* [DATASET RECORDS]

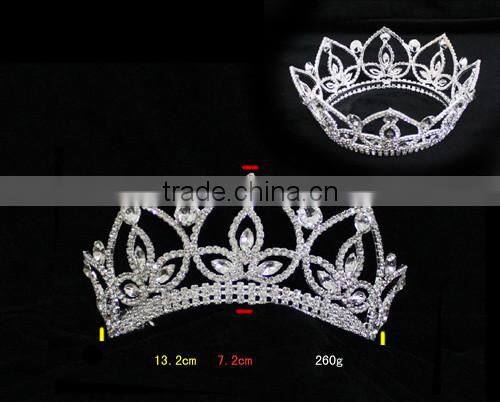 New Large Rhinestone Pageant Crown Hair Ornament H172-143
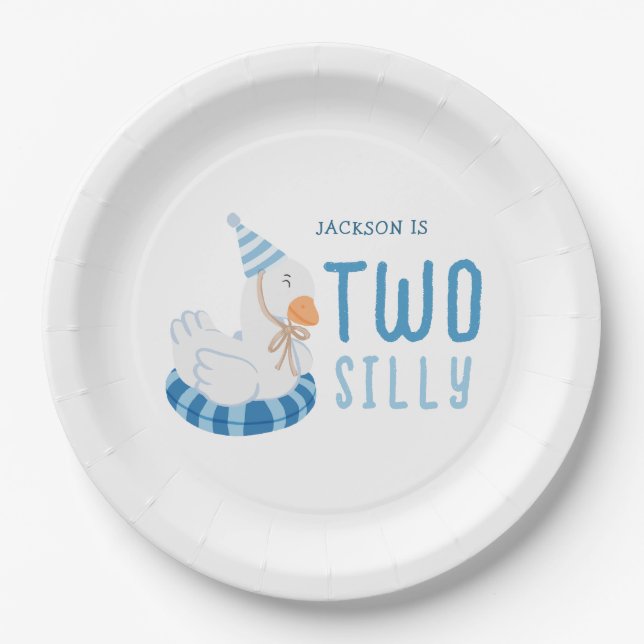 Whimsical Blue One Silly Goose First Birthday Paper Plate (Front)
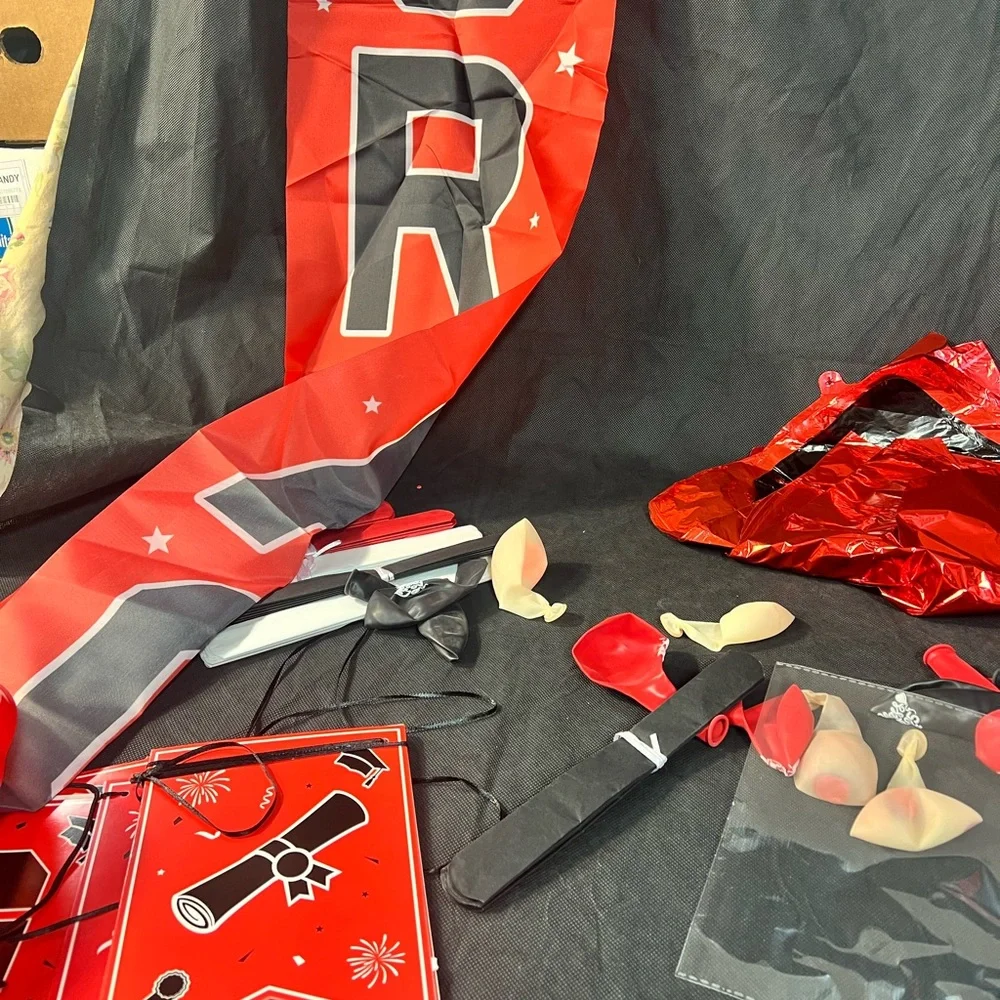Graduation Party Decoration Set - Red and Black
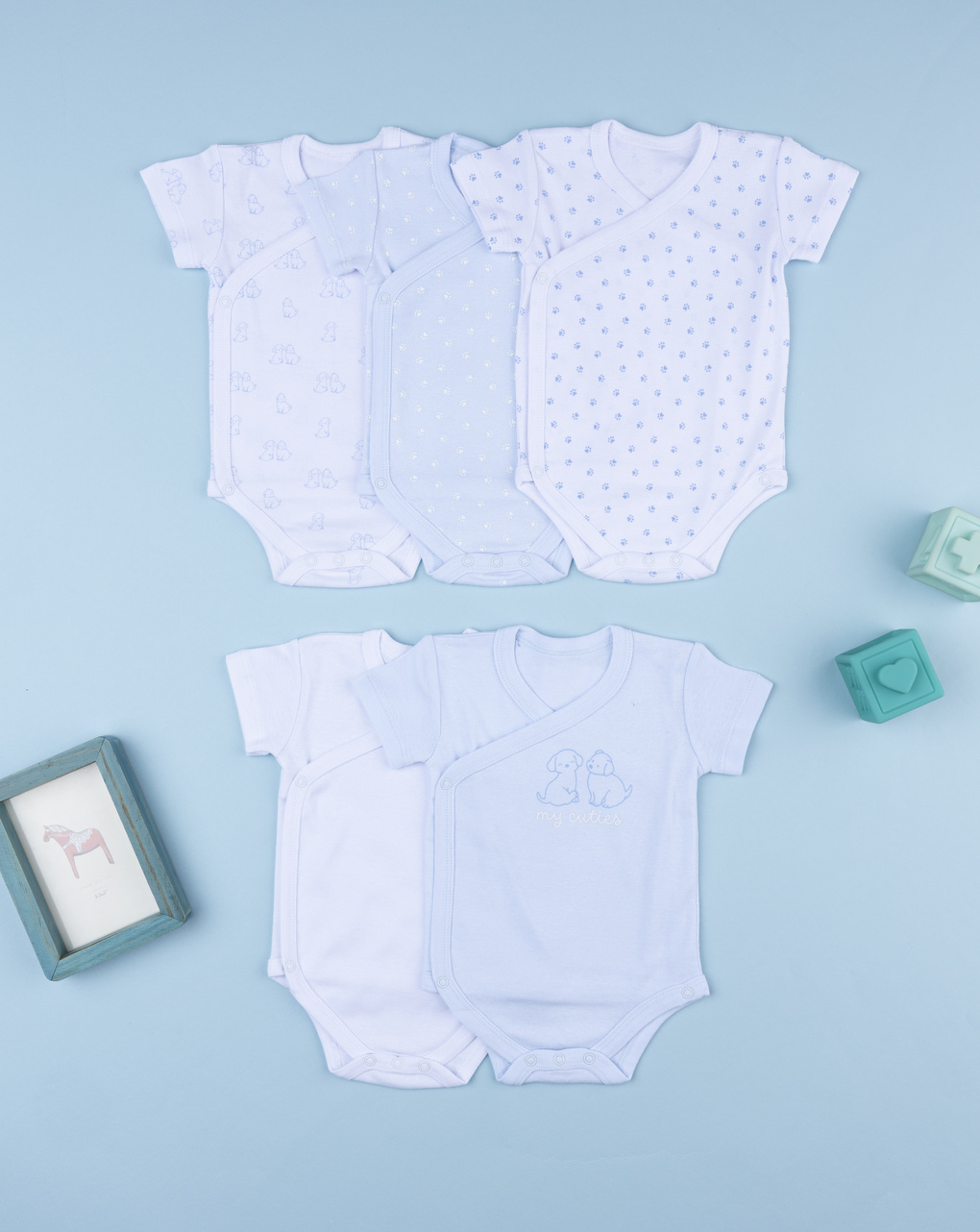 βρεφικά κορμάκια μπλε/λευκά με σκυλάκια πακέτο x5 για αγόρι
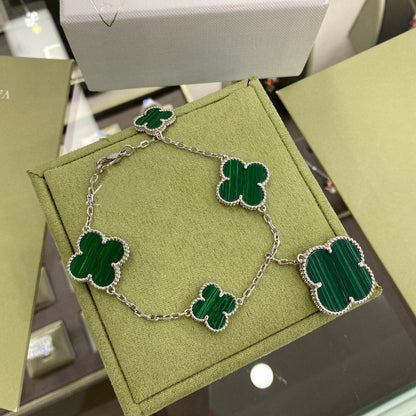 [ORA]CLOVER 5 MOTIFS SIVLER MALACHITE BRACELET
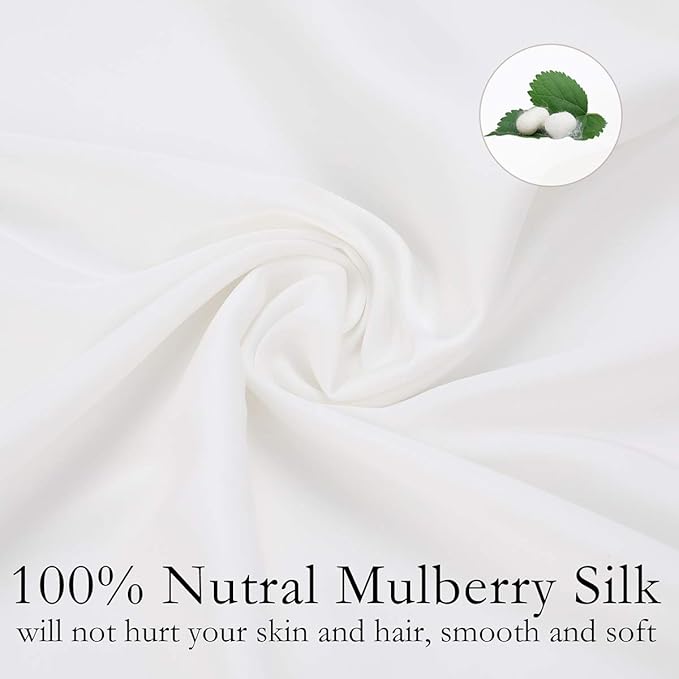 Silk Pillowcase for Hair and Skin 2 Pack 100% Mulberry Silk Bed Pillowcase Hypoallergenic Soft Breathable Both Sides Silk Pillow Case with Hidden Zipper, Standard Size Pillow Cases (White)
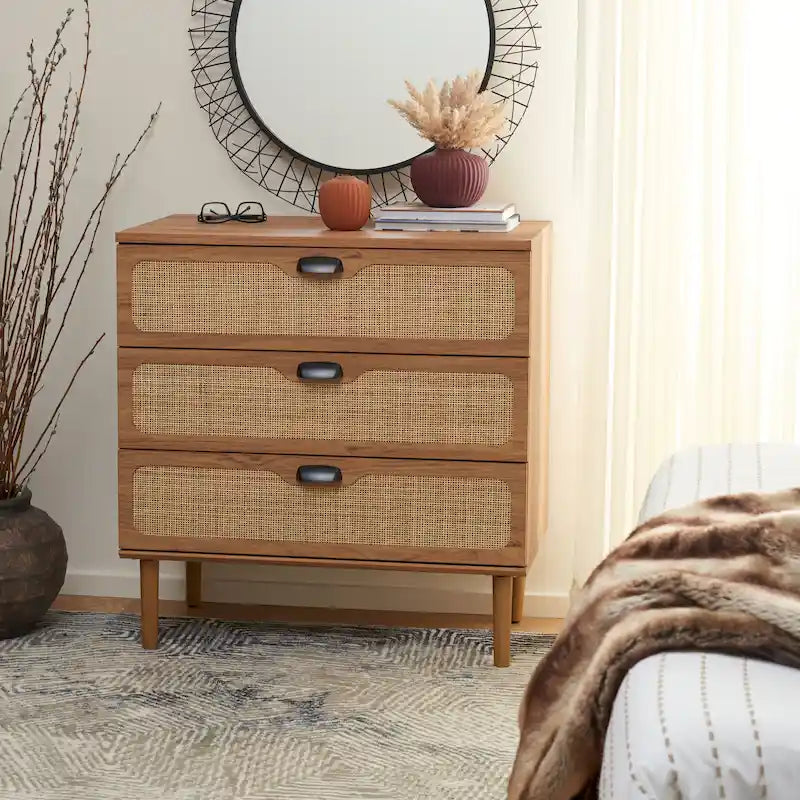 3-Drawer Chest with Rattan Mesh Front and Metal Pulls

* * *

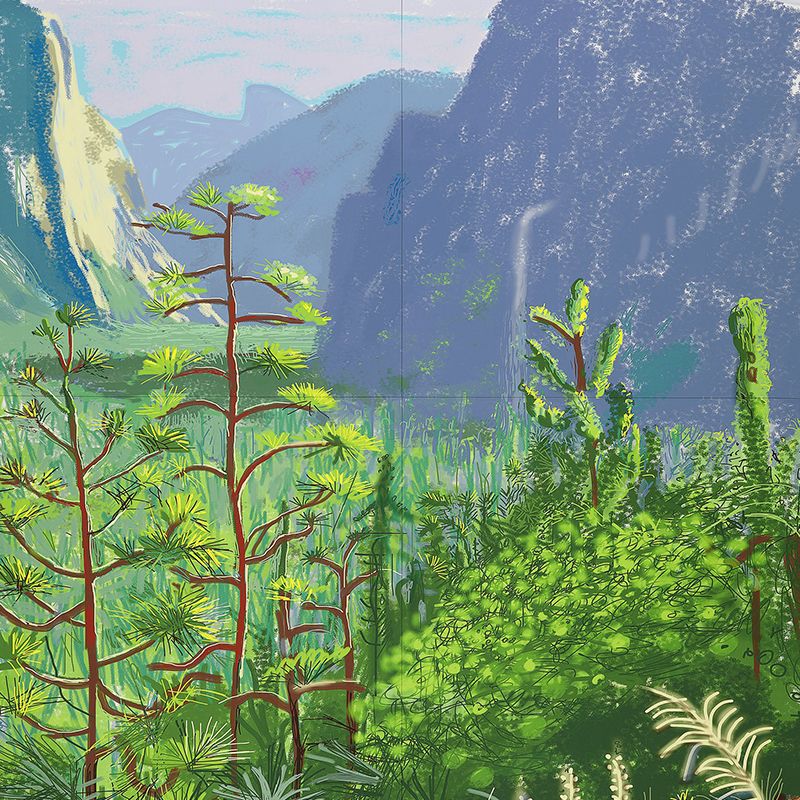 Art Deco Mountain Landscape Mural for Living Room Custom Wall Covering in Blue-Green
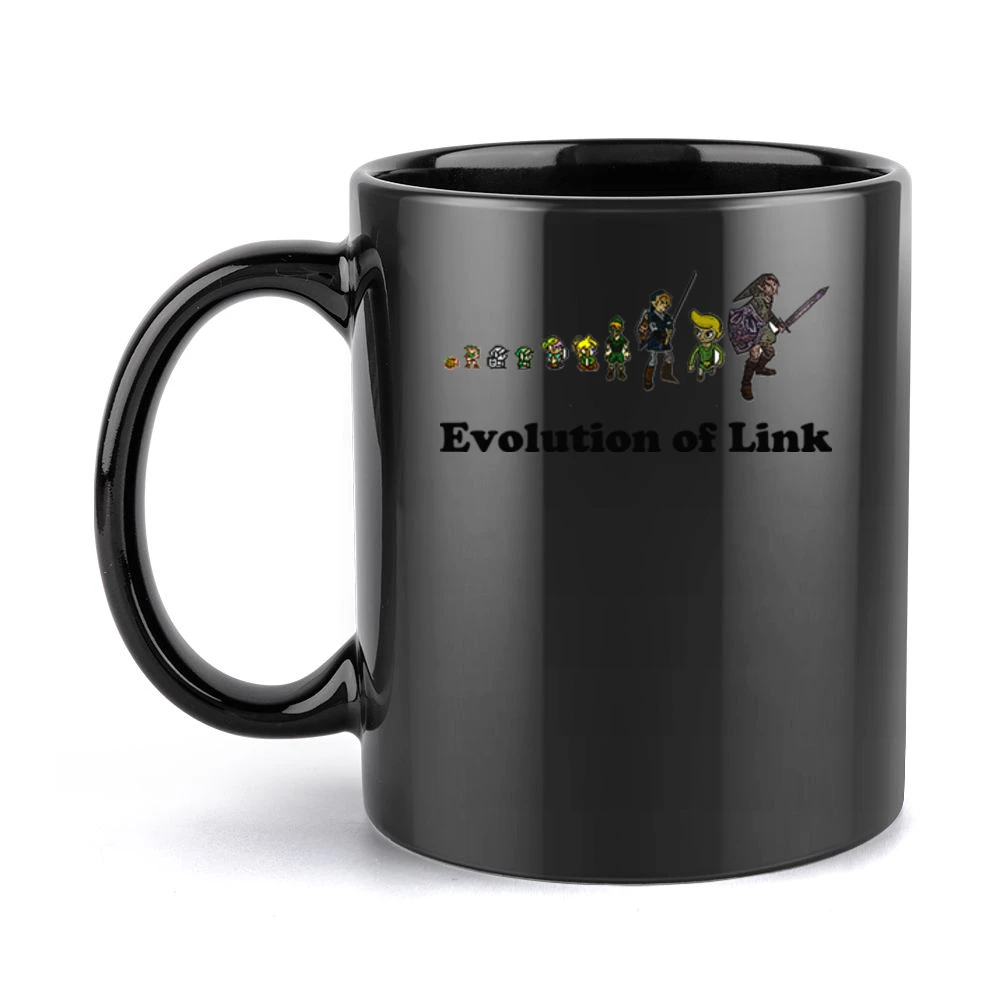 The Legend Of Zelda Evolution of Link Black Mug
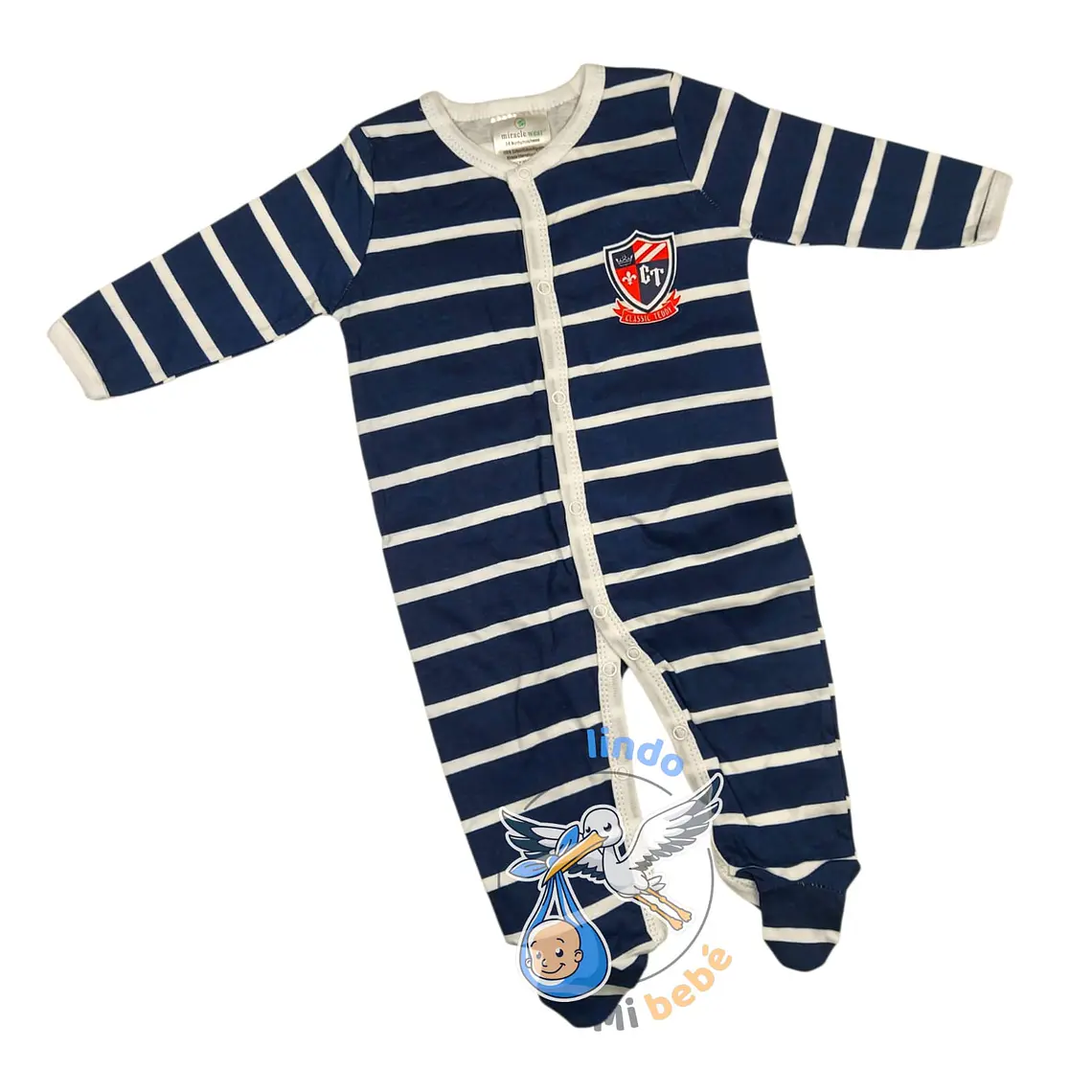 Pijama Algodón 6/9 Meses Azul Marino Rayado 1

* [EXERCISE] Please output the lines above beginning at the line with "New Large Rhinestone" and ending after the line with "Silk Pillowcase for", precisely as written and with no pictures.

* [TASK RESULT]
 New Large Rhinestone Pageant Crown Hair Ornament H172-143
 Whimsical Blue One Silly Goose First Birthday Paper Plate (Front)
Graduation Party Decoration Set - Red and Black
 βρεφικά κορμάκια μπλε/λευκά με σκυλάκια πακέτο x5 για αγόρι
 [ORA]CLOVER 5 MOTIFS SIVLER MALACHITE BRACELET
 Silk Pillowcase for Hair and Skin 2 Pack 100% Mulberry Silk Bed Pillowcase Hypoallergenic Soft Breathable Both Sides Silk Pillow Case with Hidden Zipper, Standard Size Pillow Cases (White)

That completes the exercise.